╭──

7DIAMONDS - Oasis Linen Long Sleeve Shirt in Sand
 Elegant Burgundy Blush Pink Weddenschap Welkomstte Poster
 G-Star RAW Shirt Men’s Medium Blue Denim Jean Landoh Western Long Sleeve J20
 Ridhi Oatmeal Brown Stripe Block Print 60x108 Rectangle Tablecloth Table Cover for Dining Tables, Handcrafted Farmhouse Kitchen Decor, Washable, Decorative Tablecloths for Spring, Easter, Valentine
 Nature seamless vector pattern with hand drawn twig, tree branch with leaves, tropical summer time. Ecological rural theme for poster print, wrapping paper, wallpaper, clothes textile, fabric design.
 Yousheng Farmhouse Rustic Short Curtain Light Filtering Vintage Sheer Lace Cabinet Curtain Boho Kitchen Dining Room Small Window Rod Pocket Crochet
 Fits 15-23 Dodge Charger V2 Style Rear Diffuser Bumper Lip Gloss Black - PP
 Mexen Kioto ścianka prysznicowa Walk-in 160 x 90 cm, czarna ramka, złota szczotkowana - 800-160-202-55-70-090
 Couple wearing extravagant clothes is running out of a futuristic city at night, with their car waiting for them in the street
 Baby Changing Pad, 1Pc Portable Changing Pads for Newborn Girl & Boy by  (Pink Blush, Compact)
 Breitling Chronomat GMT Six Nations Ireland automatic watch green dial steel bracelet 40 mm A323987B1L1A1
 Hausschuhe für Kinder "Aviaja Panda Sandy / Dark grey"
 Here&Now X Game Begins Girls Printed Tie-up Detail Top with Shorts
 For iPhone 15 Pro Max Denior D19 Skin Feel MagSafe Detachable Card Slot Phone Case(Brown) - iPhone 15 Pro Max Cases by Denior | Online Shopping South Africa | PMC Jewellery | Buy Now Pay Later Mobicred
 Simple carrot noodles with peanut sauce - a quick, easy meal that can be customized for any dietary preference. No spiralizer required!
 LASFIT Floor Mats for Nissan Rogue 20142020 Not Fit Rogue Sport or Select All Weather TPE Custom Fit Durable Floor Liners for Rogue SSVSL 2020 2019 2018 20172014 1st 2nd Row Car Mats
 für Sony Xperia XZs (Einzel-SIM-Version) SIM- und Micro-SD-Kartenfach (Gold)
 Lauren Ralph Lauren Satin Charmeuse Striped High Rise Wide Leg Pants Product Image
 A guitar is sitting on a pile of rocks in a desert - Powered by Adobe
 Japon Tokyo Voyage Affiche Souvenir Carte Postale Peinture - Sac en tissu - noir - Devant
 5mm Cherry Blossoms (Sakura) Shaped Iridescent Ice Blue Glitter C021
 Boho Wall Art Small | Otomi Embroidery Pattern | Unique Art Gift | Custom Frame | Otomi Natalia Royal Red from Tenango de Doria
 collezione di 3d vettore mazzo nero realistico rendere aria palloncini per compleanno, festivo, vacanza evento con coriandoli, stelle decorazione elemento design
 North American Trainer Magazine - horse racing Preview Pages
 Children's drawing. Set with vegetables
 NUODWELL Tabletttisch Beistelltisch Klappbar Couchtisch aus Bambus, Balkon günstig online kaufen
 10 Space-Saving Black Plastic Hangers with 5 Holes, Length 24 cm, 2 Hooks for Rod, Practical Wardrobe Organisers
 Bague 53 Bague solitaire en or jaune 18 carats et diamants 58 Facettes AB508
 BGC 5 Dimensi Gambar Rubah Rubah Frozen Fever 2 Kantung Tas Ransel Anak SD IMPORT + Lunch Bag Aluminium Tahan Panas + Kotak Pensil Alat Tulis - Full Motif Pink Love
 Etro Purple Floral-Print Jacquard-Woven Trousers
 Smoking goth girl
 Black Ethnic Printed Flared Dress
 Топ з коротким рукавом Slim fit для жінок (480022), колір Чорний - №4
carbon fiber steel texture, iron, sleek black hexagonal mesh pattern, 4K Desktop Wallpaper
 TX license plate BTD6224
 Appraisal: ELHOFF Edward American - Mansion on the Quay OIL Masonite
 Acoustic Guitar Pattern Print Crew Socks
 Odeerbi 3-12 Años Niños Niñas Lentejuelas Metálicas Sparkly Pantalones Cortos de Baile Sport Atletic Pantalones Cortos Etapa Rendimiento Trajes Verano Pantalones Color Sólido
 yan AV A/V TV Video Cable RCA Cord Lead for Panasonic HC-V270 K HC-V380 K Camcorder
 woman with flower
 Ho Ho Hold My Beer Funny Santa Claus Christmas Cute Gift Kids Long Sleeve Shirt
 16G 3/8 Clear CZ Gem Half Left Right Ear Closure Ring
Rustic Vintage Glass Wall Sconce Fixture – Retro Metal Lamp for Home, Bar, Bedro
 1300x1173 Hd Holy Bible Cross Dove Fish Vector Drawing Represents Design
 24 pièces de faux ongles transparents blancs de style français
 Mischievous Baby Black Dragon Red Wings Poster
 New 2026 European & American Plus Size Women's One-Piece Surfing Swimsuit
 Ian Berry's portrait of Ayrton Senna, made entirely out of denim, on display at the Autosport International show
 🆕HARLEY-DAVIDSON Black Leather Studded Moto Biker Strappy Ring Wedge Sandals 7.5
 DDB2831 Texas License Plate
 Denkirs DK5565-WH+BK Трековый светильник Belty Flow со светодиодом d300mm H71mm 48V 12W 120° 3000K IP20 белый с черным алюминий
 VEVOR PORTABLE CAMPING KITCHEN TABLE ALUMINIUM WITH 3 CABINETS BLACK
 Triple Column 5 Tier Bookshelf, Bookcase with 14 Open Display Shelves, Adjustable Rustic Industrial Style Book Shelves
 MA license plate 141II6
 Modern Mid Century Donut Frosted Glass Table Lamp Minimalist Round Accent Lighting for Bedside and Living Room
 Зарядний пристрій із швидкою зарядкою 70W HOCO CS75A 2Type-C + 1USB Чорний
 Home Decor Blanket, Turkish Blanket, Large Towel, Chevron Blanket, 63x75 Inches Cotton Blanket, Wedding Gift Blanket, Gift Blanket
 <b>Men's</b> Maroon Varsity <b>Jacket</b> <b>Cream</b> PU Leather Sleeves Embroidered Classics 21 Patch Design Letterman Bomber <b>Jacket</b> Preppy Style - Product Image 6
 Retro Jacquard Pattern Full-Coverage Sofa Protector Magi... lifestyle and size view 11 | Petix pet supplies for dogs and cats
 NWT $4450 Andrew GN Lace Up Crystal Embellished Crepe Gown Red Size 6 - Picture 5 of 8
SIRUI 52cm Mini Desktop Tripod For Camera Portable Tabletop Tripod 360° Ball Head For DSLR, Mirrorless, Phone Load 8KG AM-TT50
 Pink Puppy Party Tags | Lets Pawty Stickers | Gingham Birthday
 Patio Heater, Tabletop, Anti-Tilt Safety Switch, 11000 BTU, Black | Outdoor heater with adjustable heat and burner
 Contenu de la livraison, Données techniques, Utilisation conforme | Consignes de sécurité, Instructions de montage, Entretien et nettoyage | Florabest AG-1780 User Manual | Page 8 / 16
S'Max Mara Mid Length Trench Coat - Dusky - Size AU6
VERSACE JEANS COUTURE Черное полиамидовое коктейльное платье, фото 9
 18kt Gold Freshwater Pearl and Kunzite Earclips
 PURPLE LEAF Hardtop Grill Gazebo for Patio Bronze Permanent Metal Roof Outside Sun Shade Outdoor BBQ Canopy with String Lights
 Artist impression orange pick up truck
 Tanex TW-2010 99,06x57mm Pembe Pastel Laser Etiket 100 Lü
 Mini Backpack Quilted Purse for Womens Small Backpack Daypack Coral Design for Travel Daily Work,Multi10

╰──

* Task directions *
From the entries above, print the lines beginning at the one with "Here&Now X Game" and stopping after the one with "NUODWELL Tabletttisch Beistelltisch", exactly as written and with nothing else.

* Solution to this problem *
 Here&Now X Game Begins Girls Printed Tie-up Detail Top with Shorts
 For iPhone 15 Pro Max Denior D19 Skin Feel MagSafe Detachable Card Slot Phone Case(Brown) - iPhone 15 Pro Max Cases by Denior | Online Shopping South Africa | PMC Jewellery | Buy Now Pay Later Mobicred
 Simple carrot noodles with peanut sauce - a quick, easy meal that can be customized for any dietary preference. No spiralizer required!
 LASFIT Floor Mats for Nissan Rogue 20142020 Not Fit Rogue Sport or Select All Weather TPE Custom Fit Durable Floor Liners for Rogue SSVSL 2020 2019 2018 20172014 1st 2nd Row Car Mats
 für Sony Xperia XZs (Einzel-SIM-Version) SIM- und Micro-SD-Kartenfach (Gold)
 Lauren Ralph Lauren Satin Charmeuse Striped High Rise Wide Leg Pants Product Image
 A guitar is sitting on a pile of rocks in a desert - Powered by Adobe
 Japon Tokyo Voyage Affiche Souvenir Carte Postale Peinture - Sac en tissu - noir - Devant
 5mm Cherry Blossoms (Sakura) Shaped Iridescent Ice Blue Glitter C021
 Boho Wall Art Small | Otomi Embroidery Pattern | Unique Art Gift | Custom Frame | Otomi Natalia Royal Red from Tenango de Doria
 collezione di 3d vettore mazzo nero realistico rendere aria palloncini per compleanno, festivo, vacanza evento con coriandoli, stelle decorazione elemento design
 North American Trainer Magazine - horse racing Preview Pages
 Children's drawing. Set with vegetables
 NUODWELL Tabletttisch Beistelltisch Klappbar Couchtisch aus Bambus, Balkon günstig online kaufen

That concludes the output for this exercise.